ISSUE NO.16 | APRIL 2017
Rise to the Challenge
Break Free From Fear
The problem is not the existence of stressors, which cannot be avoided; stress is simply the brain's way of signaling that something is important. The problem--or perhaps the opportunity--is how we respond to this stress.
--The Book of Joy
We live in a day and age where overdrive is always on. We're constantly bombarded by information, our heads buried in our phones, screens consuming all of our free time, and everything from healthcare to what we eat is solved by a "quick-fix," because day-to-day life is go-go-go, I'll rest when I'm dead! Adrenaline courses through our veins from the minute the alarm goes off in the morning, and chronic, low-grade stress becomes the norm. I don't know about you, but the struggle is real!
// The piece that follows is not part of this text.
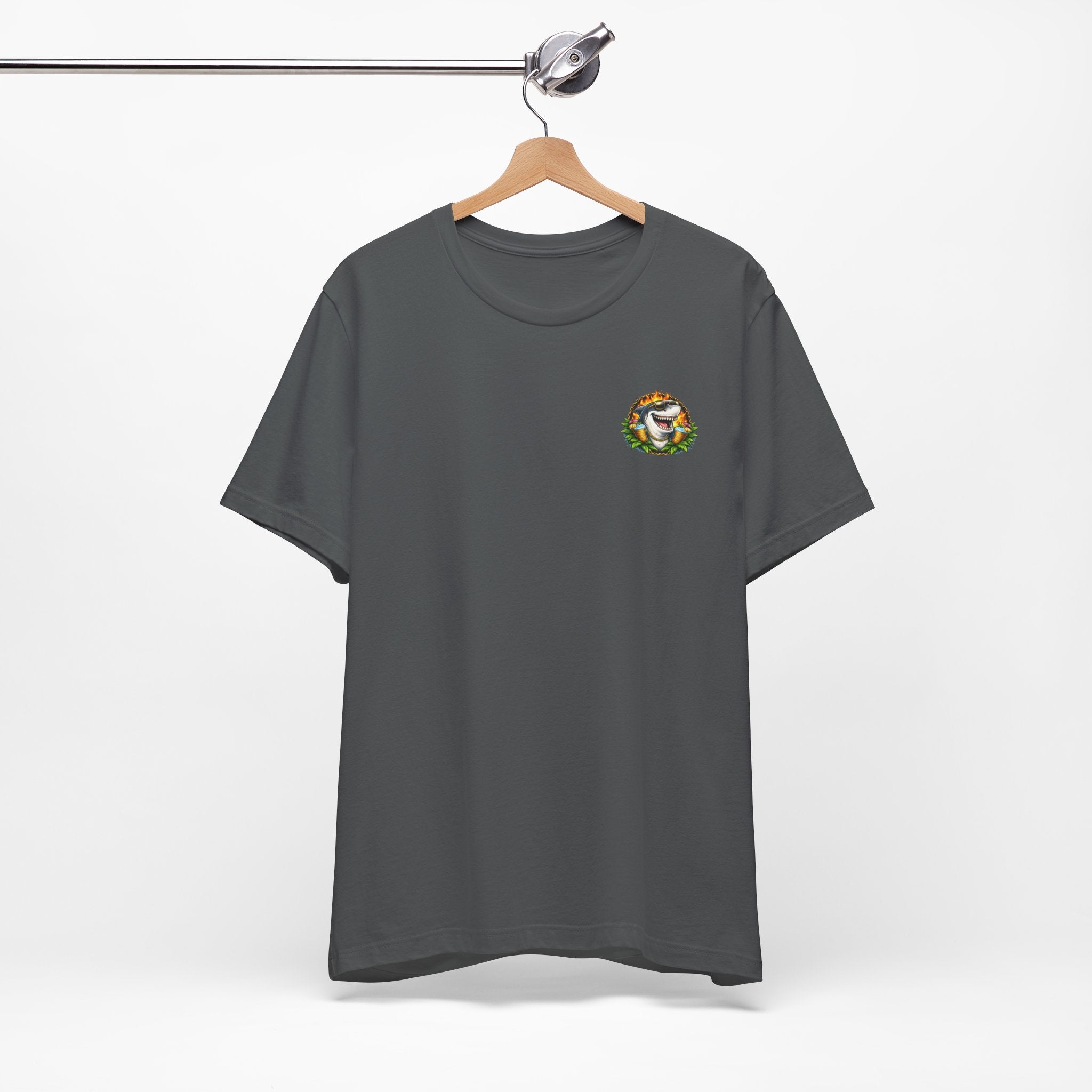 Shark Tiki Party Tee — "Just One More" Tropical Bar Graphic Shirt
We're told to practice yoga, meditate, pray, be mindful, go with the flow--all great things for our health and well-being, no doubt! I'm continually striving to work against my "Type A" tendencies and become more "chill," but is stress always a bad thing? I think there is an important distinction to be made between two very different kinds of stress--and there are two different ways to handle them!
1. The Daily Grind
Chronic, low-grade stress--that feeling of constantly racing against the clock, anxious, irritable, short-tempered, and on edge, that many of us experience on a daily basis--is the kind of stress that can most definitely be tempered down with relaxation techniques. Left unchecked, the buzz of continual stress can have negative impacts on our mental, emotional, and even physical health. I feel like I could go on and on describing this type of stress, because I struggle with it fairly regularly--and it's a daily practice to overcome it!
If we can learn to just...breathe...inhale for 5 seconds...exhale for 7 seconds...Come on, do that with me 5 times in a row, starting now!
See? How did that feel?
You don't need a yoga mat or any type of training...if we could all just be present enough to do that 5 times throughout every day, we'd be in a lot better shape! In fact, I'm going to challenge myself to do just that, and I challenge you to do the same!
The other type of stress is acute stress--the instances where we feel threatened. We're being chased by a dog that just broke free from his leash--RUN! A driver coming at us is looking down at their smartphone and veers over the center line--DODGE! Our adrenaline kicks in and shunts all of our blood from our brain to our extremities to aid us in fleeing to safety.
But are all fear-inducing, acute stress situations, anxious thoughts, and negative emotions to be avoided at all costs?
This type of stress also kicks in when we are about to give a presentation, perform in front of a crowd, skydive--take risks!
Fear is natural, anxiety is not a weakness, and stress is not a defect.
Threat vs. Challenge
The body's natural fight-or-flight response was designed to help us determine, in a short amount of time, whether a perceived threat to our safety need be fought off or escaped. The fact that the blood from our brains gets pushed to our extremities means more oomph to escape scary situations, but less oomph to make rational decisions. Sometimes I feel as if I've conditioned myself to default to the flight response far more often than I need to, so now when I encounter an acute stress situation, without a second of thought, my mind goes into flight-mode. Maybe you can relate. What is it that's causing us to flee?
...[We must] develop stress resilience. This involves turning what is called "threat stress," or the perception that a stressful event is a threat that will harm us, into what is called "challenge stress," or the perception that a stressful event is a challenge that will help us grow.
...the beating heart, the pulsing blood or tingling feeling in our hands and face, the rapid breathing...these are natural responses to stress and our body is just preparing to rise to the challenge.
Did you hear that? RISE TO THE CHALLENGE!
Who were you created to be? When we shy away from uncomfortable experiences and emotions, we deny ourselves the opportunity to grow and to blossom. On Sunday in church, our pastor described a sculptor with a vision, but all that lies before him is a giant rock. He sees in his mind the possibility for just how beautiful it could be. He slowly begins to chisel away--he makes mistakes, but continues. Little by little, until his masterpiece is fully formed--and it's beautiful!
We all have a shell that needs to be cracked; we all have areas of our lives that we're ashamed of, anxious, fearful, stressed, and worried about--areas of darkness. How can you begin to chisel away at your hardened exterior to let in the light? A leap of faith is in order!
Take more risks. Challenge yourself to get comfortable with being uncomfortable! We cannot expect to grow and take shape without facing stressful situations and emotions head on. By doing so, we are molding ourselves into the masterpieces we were created to be!
Cut down on the chronic, low-grade stress by being mindful and coming back to your breath. Take inventory of what's really important in your life and recognize what need not be stressed over.
Save your energy to invest in better assessing acute stress situations you're faced with. Ask yourself, is this truly a threat, or can I take it as a challenge?
Say yes instead of no.
Speak up instead of thinking quietly.
Jump in instead of holding back.
Rise to the challenge!
*Quotes taken from a new book I've been reading called, The Book of Joy: Lasting Happiness In A Changing World.
Sweaty Palms, Racing Heart, Rise To The Challenge!